SCHEDULE 8: NON-LISTING PROSPECTUSES682. This Schedule applies the provisions of Part VI so that they apply in relation to a non-listing prospectus as they apply to listing particulars. It makes a number of changes to those provisions to deal with the fact that securities which are the subject of non-listing prospectuses are not admitted to listing.
SCHEDULE 9: EXEMPTIONS FROM LIABILITY TO PAY COMPENSATION683. This Schedule sets exemptions from the liability to pay compensation for false or misleading particulars in certain circumstances under clause 83. Paragraph 5 provides that a person is not liable to pay compensation for loss resulting from a statement in the listing particulars which reproduces a statement made, for example, in a public official document. Paragraph 6 provides that there is also no liability if the person against whom action is taken satisfies the court that the person who acquired securities did so in the knowledge that a statement in the listing particulars was false or misleading. In such a case the person suffering the loss would not have been misled.

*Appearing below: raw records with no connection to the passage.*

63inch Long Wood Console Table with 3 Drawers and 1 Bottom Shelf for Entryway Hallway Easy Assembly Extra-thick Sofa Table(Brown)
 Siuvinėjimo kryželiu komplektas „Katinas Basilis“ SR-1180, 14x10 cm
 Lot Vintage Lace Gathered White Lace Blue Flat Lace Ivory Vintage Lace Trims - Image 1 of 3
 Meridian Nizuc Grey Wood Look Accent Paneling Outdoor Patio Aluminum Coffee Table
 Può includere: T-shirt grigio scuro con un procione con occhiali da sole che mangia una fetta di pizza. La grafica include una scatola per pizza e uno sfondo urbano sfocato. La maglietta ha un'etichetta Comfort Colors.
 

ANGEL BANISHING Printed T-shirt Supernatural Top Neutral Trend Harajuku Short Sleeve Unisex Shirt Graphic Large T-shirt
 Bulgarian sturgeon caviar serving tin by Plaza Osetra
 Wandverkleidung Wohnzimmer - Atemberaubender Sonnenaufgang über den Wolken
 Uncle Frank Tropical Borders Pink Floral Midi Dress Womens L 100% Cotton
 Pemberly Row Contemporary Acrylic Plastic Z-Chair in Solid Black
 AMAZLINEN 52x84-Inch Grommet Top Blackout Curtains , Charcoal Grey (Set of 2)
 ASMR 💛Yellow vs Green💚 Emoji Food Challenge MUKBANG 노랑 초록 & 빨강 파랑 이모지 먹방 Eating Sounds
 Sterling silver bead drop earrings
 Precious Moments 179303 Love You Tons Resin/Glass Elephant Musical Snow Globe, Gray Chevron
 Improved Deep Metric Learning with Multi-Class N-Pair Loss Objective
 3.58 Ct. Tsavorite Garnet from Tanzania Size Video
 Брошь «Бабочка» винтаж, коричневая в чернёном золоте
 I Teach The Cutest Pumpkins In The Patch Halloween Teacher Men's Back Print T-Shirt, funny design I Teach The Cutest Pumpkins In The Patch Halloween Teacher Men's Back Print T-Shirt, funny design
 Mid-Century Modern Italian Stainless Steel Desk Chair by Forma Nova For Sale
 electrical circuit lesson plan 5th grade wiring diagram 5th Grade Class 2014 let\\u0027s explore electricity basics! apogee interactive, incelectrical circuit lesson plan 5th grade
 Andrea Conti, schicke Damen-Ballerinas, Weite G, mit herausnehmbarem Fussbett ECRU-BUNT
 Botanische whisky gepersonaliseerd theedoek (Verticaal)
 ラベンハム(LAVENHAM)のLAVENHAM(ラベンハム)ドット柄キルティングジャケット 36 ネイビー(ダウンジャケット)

SCHEDULE 10: OFFERS OF SECURITIES684. In accordance with EC law requirements, clause 79 requires a prospectus to be approved and published where any person offers securities to the public in the United Kingdom for the first time. Clause 94 provides that whether securities are offered to the public in the UK is to be determined in accordance with this Schedule. This Schedule therefore defines an offer to the public, subject to certain exemptions which are set out in accordance with derogations in EC law.
SCHEDULE 11: THE FINANCIAL SERVICES AND MARKETS TRIBUNAL685. This Schedule makes provision further to that contained in Part VIII as to the constitution and operation of the Tribunal.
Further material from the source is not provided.